- **DATA PROVIDED**:
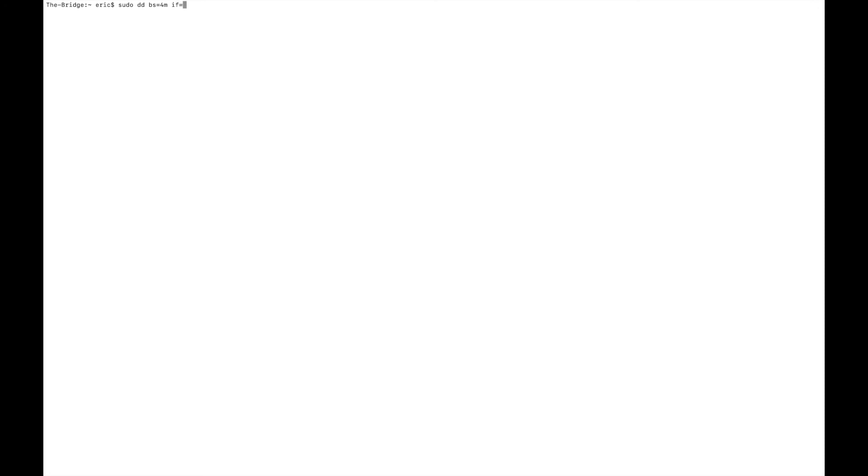So then we need to specify the input file. So if equals, and now I need to put the path to the file we downloaded, my Ubuntu ISO file. The way I'm going to get there is to go to my home directory, and then downloads. And then I have the file name on my clipboard. And don't forget the .iso.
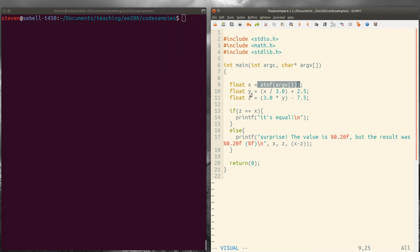Then y is going to be x divided by 3 plus 2.5. So just doing simple arithmetic here, x divided by 3 plus 2.5.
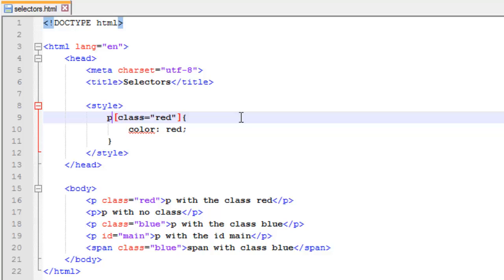Alright, so I just wanted to kind of cover attribute selectors. They're mostly used with JavaScript, not so much when you're just coding regular HTML and CSS, but I wanted to go over them in any case.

- **TASK**: Without including any picture, write out the material above exactly.

- **ANSWER SPACE**:
So then we need to specify the input file. So if equals, and now I need to put the path to the file we downloaded, my Ubuntu ISO file. The way I'm going to get there is to go to my home directory, and then downloads. And then I have the file name on my clipboard. And don't forget the .iso.
Then y is going to be x divided by 3 plus 2.5. So just doing simple arithmetic here, x divided by 3 plus 2.5.
Alright, so I just wanted to kind of cover attribute selectors. They're mostly used with JavaScript, not so much when you're just coding regular HTML and CSS, but I wanted to go over them in any case.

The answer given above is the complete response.